The LASER on-a-rail Experiment
 
 

 

 

 
 

 

First set-up (fixed laser)

A target sits on a rail 1Km from a laser that’s fixed at the FAR end of the rail. The laser fires a pulse that takes a fixed time ‘t’ to reach the target.

Now the target is placed close to the laser then sent at high speed away from the laser. At the precise instant the target passes that same 1Km point, the laser again fires a pulse at the now receding target.

This time, when the pulses reaches the 1Km point, the target will no longer be there. Instead the target will detect the pulse at t + ‘x’ … moreover, when the pulse is detected by the receding target it will be stretched, as too will the wavelength of the light of the pulse. The speed of that light, though, as measured at the target as the pulse passes, will remain at ‘c’, as ever.

 

Second set-up (fixed target)

A laser sits on a rail 1Km from a target that’s fixed at the FAR end of the rail.
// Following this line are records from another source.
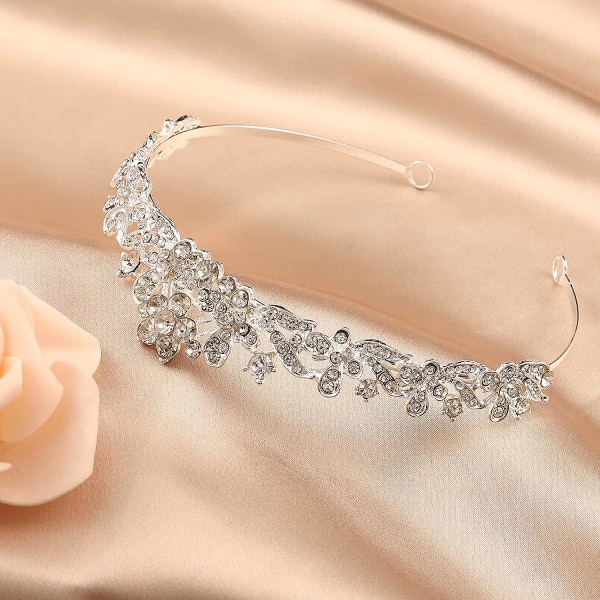 Blomster Rhinestone Krone Dronning Krone Tiara Rhinestone Tiara Hovedbeklædning Luksus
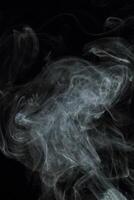 Abstract white smoke texture moves on black background Plume of smoke wave design wallpaper. Design element. Abstract texture photo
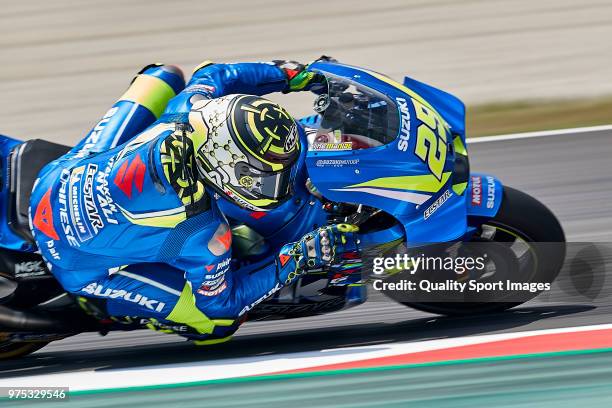 Andrea Iannone of Italy and Team Suzuki ECSTAR rides during free practice for the MotoGP of Catalunya at Circuit de Catalunya on June 15, 2018 in...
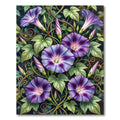 Vibrant Violet Morning Glory Botanical Rug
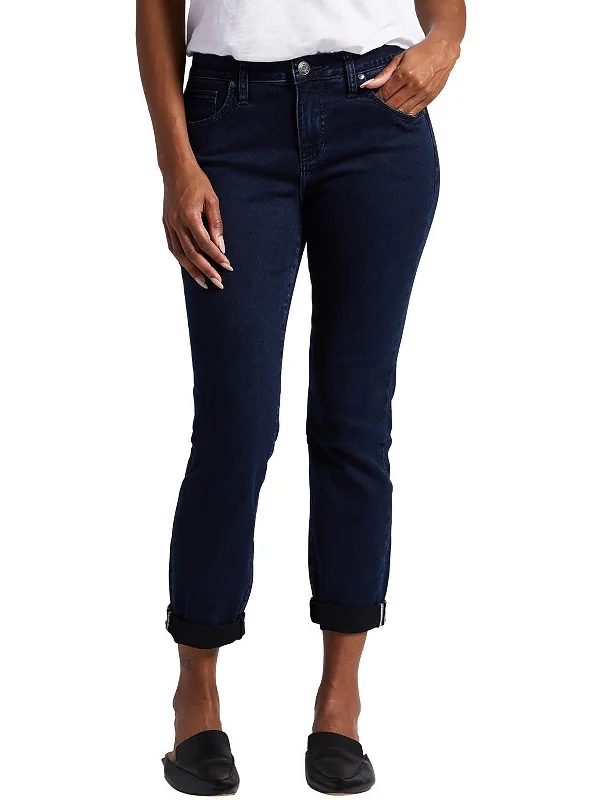 stylish flare-leg denim for ladies -Carter Womens Girlfriend Dark Wash Skinny Jeans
The laser fires a pulse that takes a fixed time ‘t’ to reach the target (as before).

Now the laser is placed close to the target then sent at high speed away from the target. At the precise instant the laser passes that same 1Km point, the laser again fires a pulse back towards the target.
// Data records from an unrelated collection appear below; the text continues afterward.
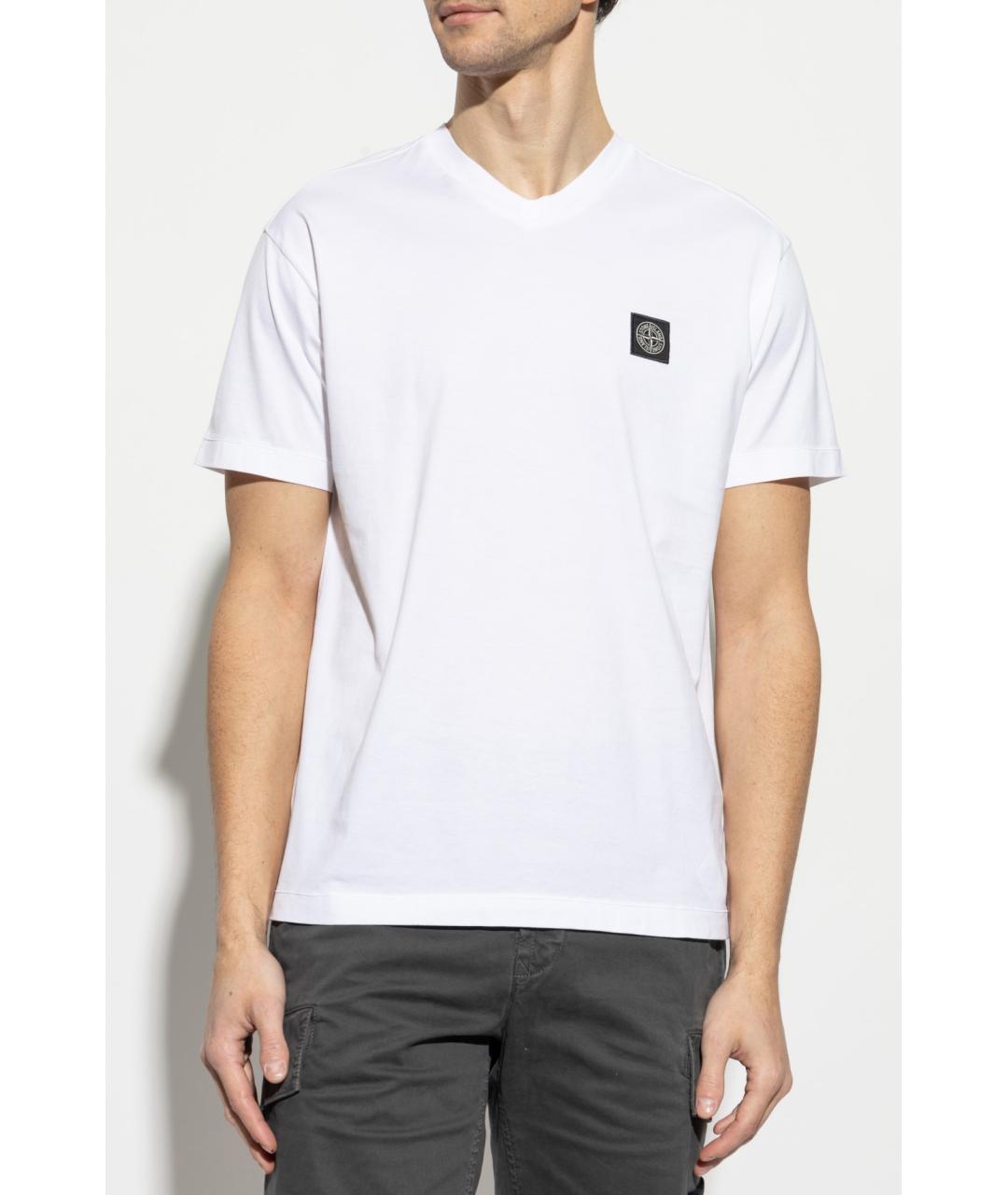 STONE ISLAND Белая хлопковая футболка, фото 2
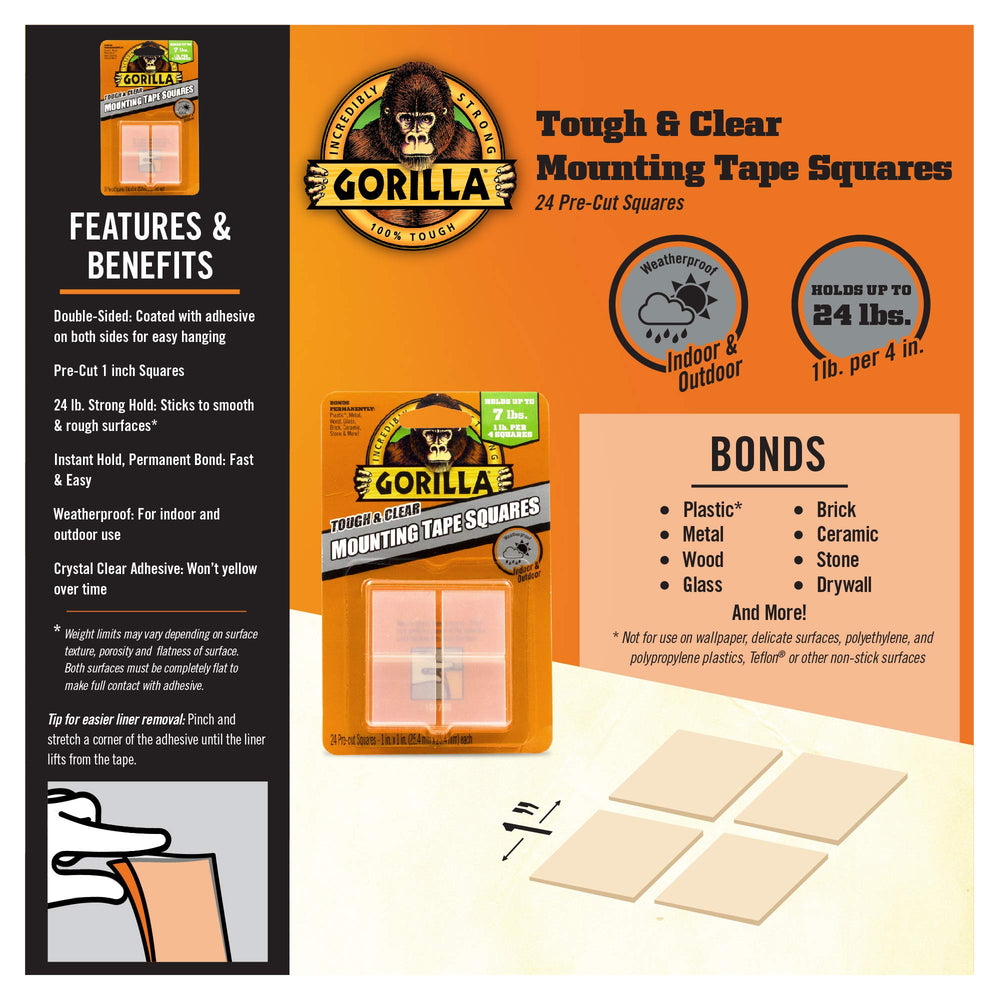 Gorilla adhesive squares on wood or brick surfaces provide durable indoor-outdoor mounting
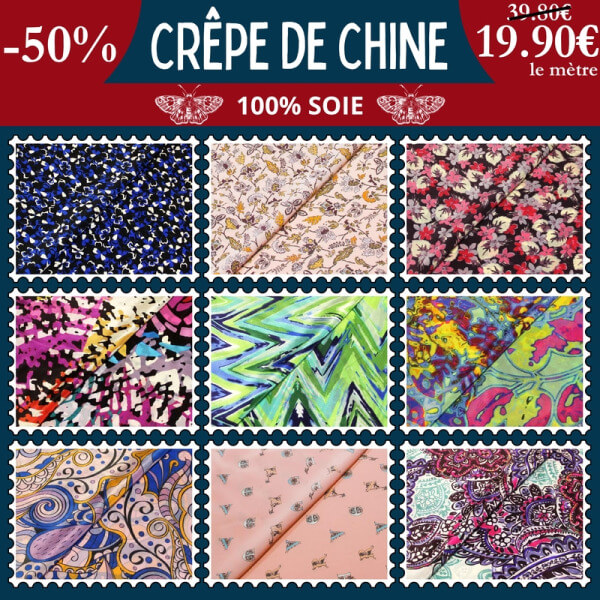 Crêpe de Chine 100% soie à 19,90€ le mètre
This time, when the pulse reaches the fixed target, conventional theory predicts that, as when both are fixed, ONLY time ‘t’ will have elapsed (NOT t + ‘x’)…. yet the pulse will be stretched, as too will the wavelength of the light of the pulse, exactly as when the target was receding. The speed of that light passing, as measured at the target, will again remain at ‘c’, of course. 

 

Now here’s the question: What's the difference between a receding laser and a receding target? Why should the outcome be different when these two objects move away from each other depending on which one we consider fixed and which moving? Is ‘conventional theory’ wrong?